After finding out that she is deep in debt following the murders of her beloved older husband and detestable mother in law, young Mrs Kelling determines to turn the contested house into a higher class boarding house with her being both landlady and cook. Good thing she was used to pinchpenny ways even when everyone believed that her family was wealthy! Applicants were many, but she thought she did well until she not only had two awful tenants in a row, but each of them got murdered. Nicely done and with plenty of humor. First published in 1980, there are landlines and other things unusual today. ( )
  jetangen4571 | Jun 27, 2018 |
The friend who introduced me to this series said it was best to start with book two because book one was too sad. Well, The Family Vault has yet to be unpacked, although I've found the rest of the series.

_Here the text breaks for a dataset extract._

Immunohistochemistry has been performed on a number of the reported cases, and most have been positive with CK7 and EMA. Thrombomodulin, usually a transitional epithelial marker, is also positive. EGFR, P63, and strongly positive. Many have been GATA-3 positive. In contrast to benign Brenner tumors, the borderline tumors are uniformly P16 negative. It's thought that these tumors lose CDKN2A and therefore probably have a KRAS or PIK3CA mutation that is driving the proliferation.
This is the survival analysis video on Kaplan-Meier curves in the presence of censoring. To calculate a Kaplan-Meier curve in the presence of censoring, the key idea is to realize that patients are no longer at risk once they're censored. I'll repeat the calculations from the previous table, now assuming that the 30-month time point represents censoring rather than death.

The events of that first book have left Sarah Kelling widowed, hard up for money, and uncertain whether she or the High Street Bank owns the Tulip Street Boston brownstone townhouse and the Victorian clapboard house at Ireson's Landing on the North Shore. In order to raise the money for taxes and interest she's turning the townhouse into a classy boarding house. The best room she'll have to offer is being made from the old [with]drawing room.

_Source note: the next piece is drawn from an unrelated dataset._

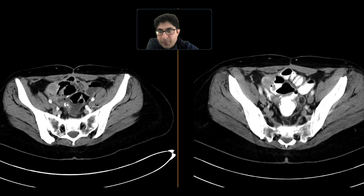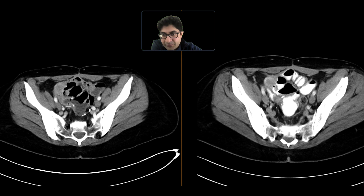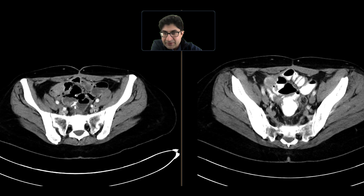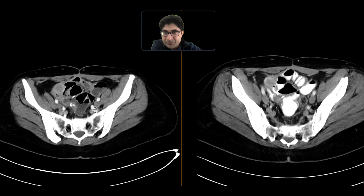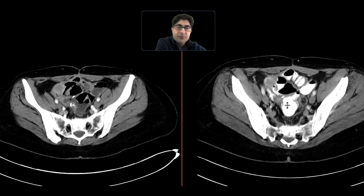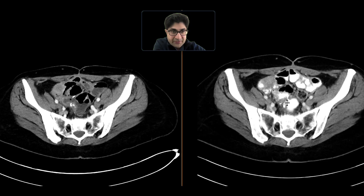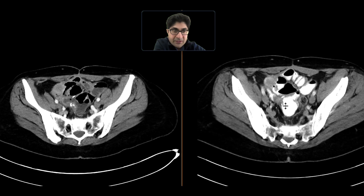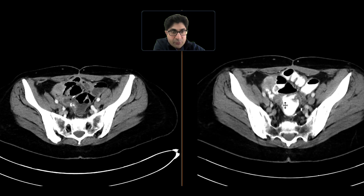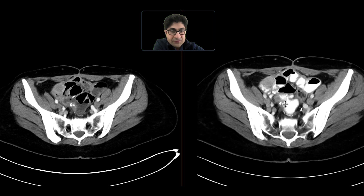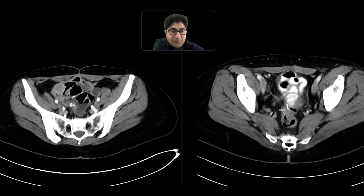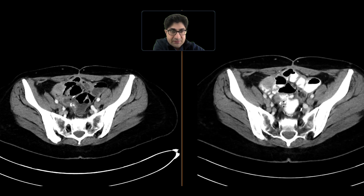Going back, all these findings were there on the prior study, much more difficult to detect due to the lack of oral contrast. But now that we've given oral contrast, we can see that this finding is more apparent. We've certainly moved away from giving oral contrast for a lot of our patients, but it can be useful, as we've seen in this instance.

I'm a nobody from a long line of nobodies. The old soap opera, Dark Shadows, taught me that there are such things as drawing rooms. (Wow! Imagine having enough rooms so you could keep one ready for guests all the time instead of having Mom order you to make sure the living room was super-tidy!) This book taught me the longer name and their original purpose. It also taught me about Boston Brahmins, Ms. MacLeod having been a former resident of Beacon Hill.

The Kelling clan, or at least those members we see or hear about, are quite a bunch. Naturally there's an uproar that one of their own would even think of turning her home into a boarding house. That's where the book opens, and Sarah will learn a lot before it closes, such as how much work being a landlady is, and how very unlucky one might be with a tenant.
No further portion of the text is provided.